On constate depuis 2012 une baisse de la part des crédits avec un taux d’apport supérieur ou égal à 15 %, même s’ils restent majoritaires (39 % de la production totale de 2018). On observe sur la même période une hausse des crédits dont le taux d’apport est inférieur à 15 %, principalement pour ceux où il est compris entre 5 % et 15 % (23 % en 2018) et entre 0 % et 5 % (26 % en 2018). Les crédits faisant l’objet d’un surfinancement (c’est-à-dire lorsque le crédit est supérieur à la valeur du bien immobilier, et qu’il intègre les frais annexes : notaires, garanties, etc.) sont en léger recul en fin de période et représentent 12 % de la production totale en 2018.

Une baisse de l’apport initial peut entraîne une hausse des risques notamment dans le cas où le ménage fait défaut. En effet, le défaut de remboursement peut mener à ce que l’emprunteur ait à rembourser immédiatement ce qui lui reste à payer. Or, ce montant est d’autant plus élevé que l’apport initial est faible. Ainsi, une baisse du taux d’apport constitue un risque d’aggravation de la solvabilité du ménage emprunteur dans sa capacité à rembourser.

 L’opération concerne l’achat d’un bien immobilier d’une valeur de 150 000 €.

  • 1er cas : 20 % d’apport initial, le capital à rembourser est alors de 120 000 €,
  • 2ème cas : 5 % d’apport initial, le capital à rembourser est alors de 142 500 €,

En général, afin de pouvoir rembourser le capital immédiatement, le bien est mis en vente par le ménage emprunteur. Or, si la valeur du bien a diminué entre temps, le manque d’apport initial peut aggraver la situation du ménage où une dette résiduelle lui restera à charge même après la vente du bien.

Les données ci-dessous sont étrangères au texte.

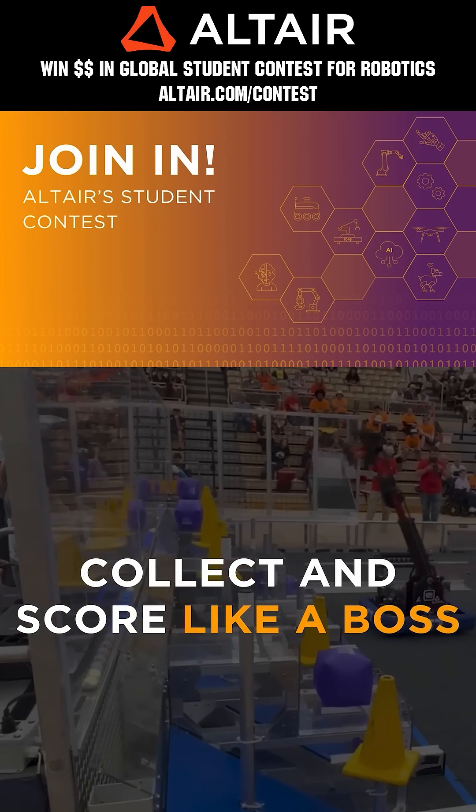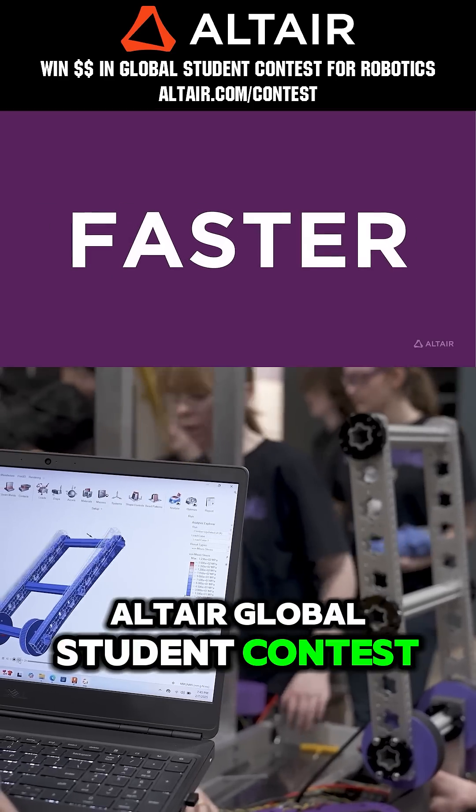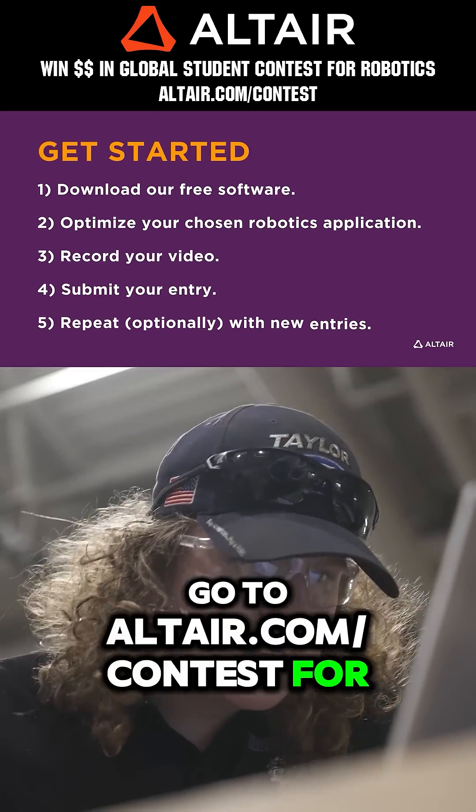First teams benefit when they optimize their robots utilizing Altair tools. Earn up to $5,000 for your team when you enter the Altair Global Student Contest through June 30th, 2025. Go to altair.com/contest for further details.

Imaginons que le bien acheté 150 000 € a perdu de sa valeur et qu’il est revendu 130 000 €.

  • Dans le premier cas, le capital à rembourser est de 120 000 €, et donc la revente du bien couvre le capital à rembourser du ménage. Il lui restera même 10 000 € de côté.
  • Dans le second cas, le capital à rembourser est de 142 500 €, ici la revente du bien ne couvre pas la totalité du capital à rembourser par le ménage. Il lui restera à charge une dette résiduelle de 12 500 €.

2.4 – Les risques pour les établissements de crédit

La situation du secteur du crédit immobilier présente également quelques risques pour les prêteurs :

  • les taux d’intérêt sont tellement bas, que les établissements de crédit font des marges quasiment nulles sur les crédits immobiliers. Il y a donc une perte de rentabilité sur ces opérations,
  • la baisse des taux d’intérêt a également engendré une vague de renégociations des prêts en cours, ce qui accentue la perte de rentabilité et fragilise le secteur bancaire,
  • la hausse de la sinistralité des remboursements de crédits entraîne une baisse de la rentabilité et de la solvabilité des banques. En effet, pour faire face à un défaut de paiement, la banque puise dans ses « fonds propres ». Or, la réglementation bancaire française exige un montant minimum de fonds propres pour assurer la solvabilité d’un établissement de crédit.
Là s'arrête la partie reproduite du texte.